Kedaulatan di Tangan Rakyat Sebuah Ilusi

data diatas telah membuktikan, bagaimanapun ungkapan kedaulatan ditangan rakyat nyatanya hanya ilusi dan slogan semata. Lebih lanjut memang secara realitas tidak adanya aturan yang jelas dalam perundang-undangan telah dinasti politik ini membuat praktik dinasti politik sah dilakukan. Namun hal ini secara tidak langsung dianggap akan mencederai demokrasi sebab banyak kasus keluarga yang terlibat dalam dinasti politik.

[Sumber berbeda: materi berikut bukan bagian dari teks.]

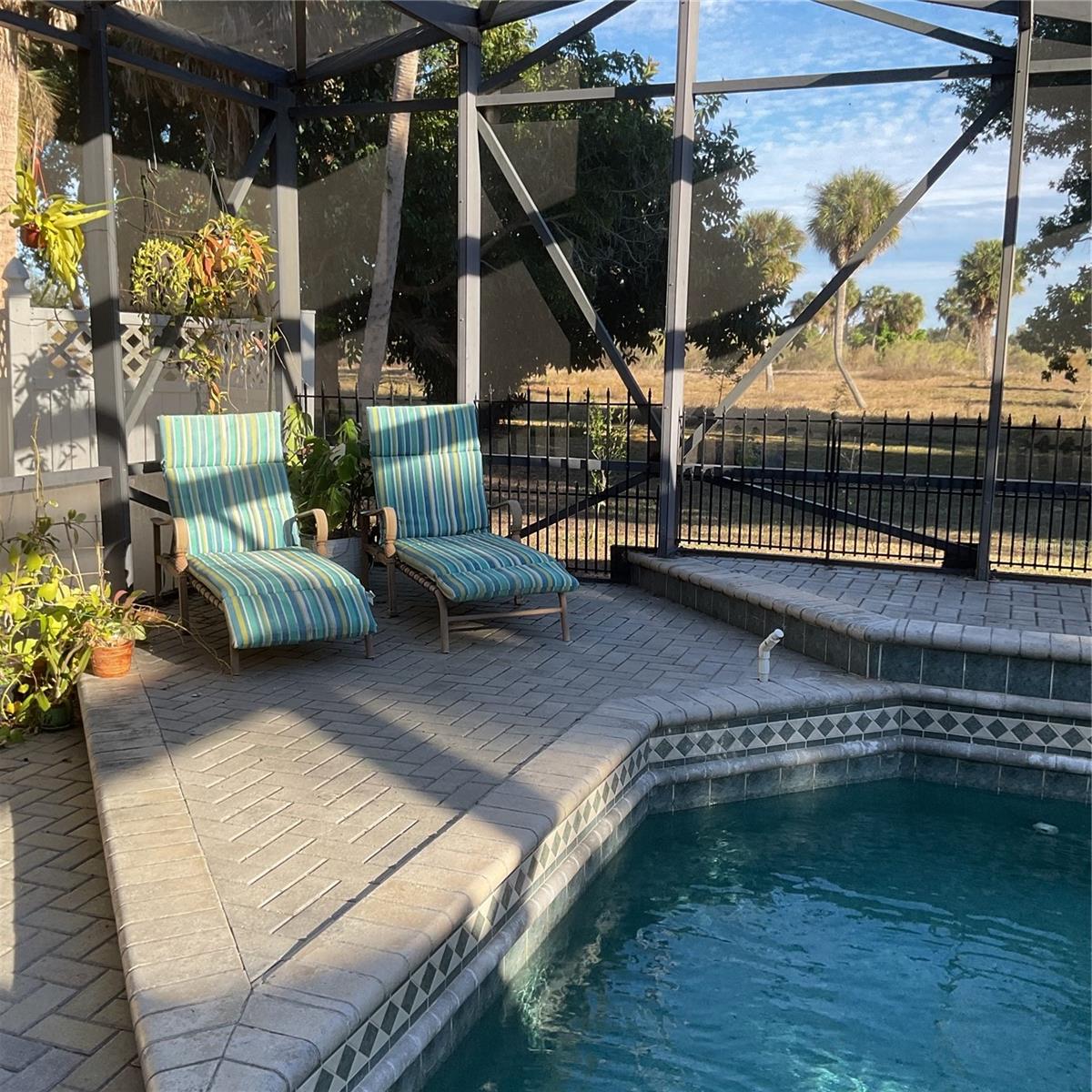 Image 25 of 30 For 2356 Conway Boulevard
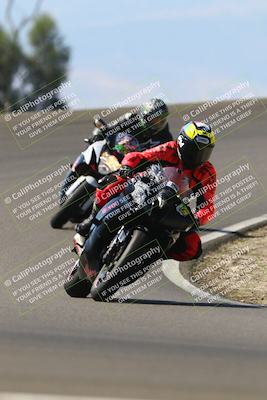 media/Sep-21-2025-TrackDaz (Sun) [[277c75b276]]/C Group/1240pm (Turn 2)/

Selama ini, rakyat hanya dianggap sebagai batu loncatan menuju tabuk kekuasaan sebab rakyat hanya dimanfaatkan suaranya. Selebihnya, arah kebijakan pemerintah selalu dipertanyakan seperti kasus Omnibus Law yang beberapa bulan lalu ditolak mati-matian oleh semua anggota masyarakat nyatanya pemerintah tetap mengesahkan Omnibus Law.

Inilah gambaran landasan demokrasi yang lemah. Di mana hanya menyandarkan segala kebijakan pada keputusan manusia saja. Keputusan yang diambil juga sesuai kepentingan pemangku jabatan. Asal ada uang, kebijakan dapat dipesan dan dibuat. Wajar jika praktik KKN merajai kalangan birokrasi. Tentu hal ini akan menjadi katalis matinya demokrasi. Sehingga diperlukan sistem alternatif sebagai pengganti demokrasi.

Gambaran Pemilihan Pemimpin dalam Islam

Sistem pemilihan kepala pemerintahan, baik pusat maupun daerah dalam daulah Islam mensyaratkan seorang pemimpin minimal harus memiliki tujuh syarat yang wajib dipenuhi. Yakni laki-laki, muslim, baligh, berakal, adil, merdeka, dan memiliki kemampuan. Sehingga dengan ini jelas, tidak akan mungkin terpilih figur non muslim, khianat, dan berbagai tipe pemimpin rusak lainnya.

Selain itu, pemilihan kepala daerah juga ditunjuk langsung oleh Kepala Negara secara langsung. Di samping itu, Kepala Negara juga memiliki mekanisme untuk mengontrol jalannya roda pemerintahan agar tetap lurus. Amar makruf nahi mungkar adalah kewajiban sekaligus hak rakyat dan partai politik yang ada, yang harus dijamin pelaksanaannya. Sebagai wujud tanggung jawab mereka untuk menjaga kehidupan Islam.

Hal ini akan menghilangkan praktik dinasti politik sebab kepala negaralah yang bertugas secara langsung memilih wakilnya di daerah. Namun pemilihan dilakukan bukan semata asal tunjuk saja sebab wakil penguasa di daerah adalah orang yang telah dikenal rakyat kapabilitas maupun kredibilitasnya sehingga bukan orang yang asing ataupun sekedar dekat dengan penguasa.

Demikian juga ada Majelis Wilayah di tingkat daerah dan Majelis Umat di tingkat pusat yang terdiri dari perwakilan seluruh elemen masyarakat, baik muslim maupun non muslim, laki-laki/perempuan, yang juga senantiasa mengontrol jalannya kekuasaan. Di samping Mahkamah Mazhalim yang siap setiap saat memberikan sanksi bagi siapapun penguasa yang tidak amanah dan melanggar syariat.